The second question's more interesting, and I think the anime's ending seems to be sending the message that you should keep trying - Nanami worked her butt off for two years and failed to become a voice actress, but she's going to try again.  Sorata's game idea may have crashed and burned, but going the indie game route, which gives him a better chance of success, and the message there is also he's going to keep chasing his dream.

That's fine, but it'd be a different story if they were out of high school, out of college, and still trying - what if at 35 Nanami is still desperately applying to voice acting schools, no boyfriend, no family, just a single-minded obsession with following a dream that may never happen?  At the end of her life, would a Nanami who spent it all pursuing a career she never got to do look back and regret not throwing in the towel earlier?

It's OK for young people to have dreams, because they have the time to pursue them - we tell our children "you can be whatever you want when you grow up" and "if you work hard, anything is possible" but as adults, we know this is not really true.  If your child wants to be an astronaut, say, that's nice, but the odds are one-in-a-million against them - all the hard work in the world won't guarantee success.  Anime often has a "you can do anything if you try" message, but Sakurasou explores the other side of that a little, that not everyone can realize all their dreams.  Making a hit computer game and being a voice actor are just not the kind of thing anyone can do if they just work hard, since you have hundreds of thousands of people trying to do something only a fraction of those people will be successful at.
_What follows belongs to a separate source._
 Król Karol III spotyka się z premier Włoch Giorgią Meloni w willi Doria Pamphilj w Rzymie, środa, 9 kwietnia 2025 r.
The anime's message of not giving up on dreams is still a good one, since you don't want to give up too early, or not even try to follow your dream, and then regret it later.  And if a 15 year old, say, wants to be a manga-ka, despite the huge odds against them, it's not going to ruin their life to work hard at drawing and send manuscripts off to publishers - even in failure, chasing your dream can still be a lot of fun, when you look back on it later.  The trick is just chasing a dream long enough, but not too long - if that aspiring manga-ka skips college to draw and draw but never makes it, finds themselves 30 and living off the Bank of Mommy and Daddy while his or her friends have jobs, families, etc., there's going to be regret on that side of things too.

In some ways, Sakurasou took the easy way out - it doesn't show us that "know when to hold'em, know when to fold'em" decision point that many of us face in young adulthood, where we have to choose between chasing a dream and moving on to reality.  And I think as we get older, we realize more and more that "what do you want to be when you grow up?" isn't as important as who you are when you grow up, your family, your friends, how good a parent you are, what your hobbies and interests are - all those things make up who you are more than what you do from 8 to 5 for a paycheck twice a month.

It'd be interesting to see the cast of Sakurasou make that transition - maybe Sorata makes a few indie games but doesn't become a star of the gaming world and goes on to find a job teaching programming and game design, which is fun enough and he gets to go home to Mashiro and their kids every night so he's satisfied.  Maybe Nanami doesn't get into voice acting even after a third year of effort, but she meets a nice guy who isn't as emo as Sorata and they start an okonomiyaki restaurant in Osaka.  Life takes us places we'd never have thought it would when we're teenagers, after all.

Which brings me to the point of this post, which...well, there really isn't one.  I guess you could say I'm a little disappointed Sakurasou didn't take the dreams vs reality theme a little further, and maybe in a future season it will.  But honestly, I think it should have ended with episode 23, tack on a better Mashiro x Sorata epilogue, and call it done - anything from here, especially if they keep up the love triangle even longer, it's just going to feel like the story's drawn out for too long.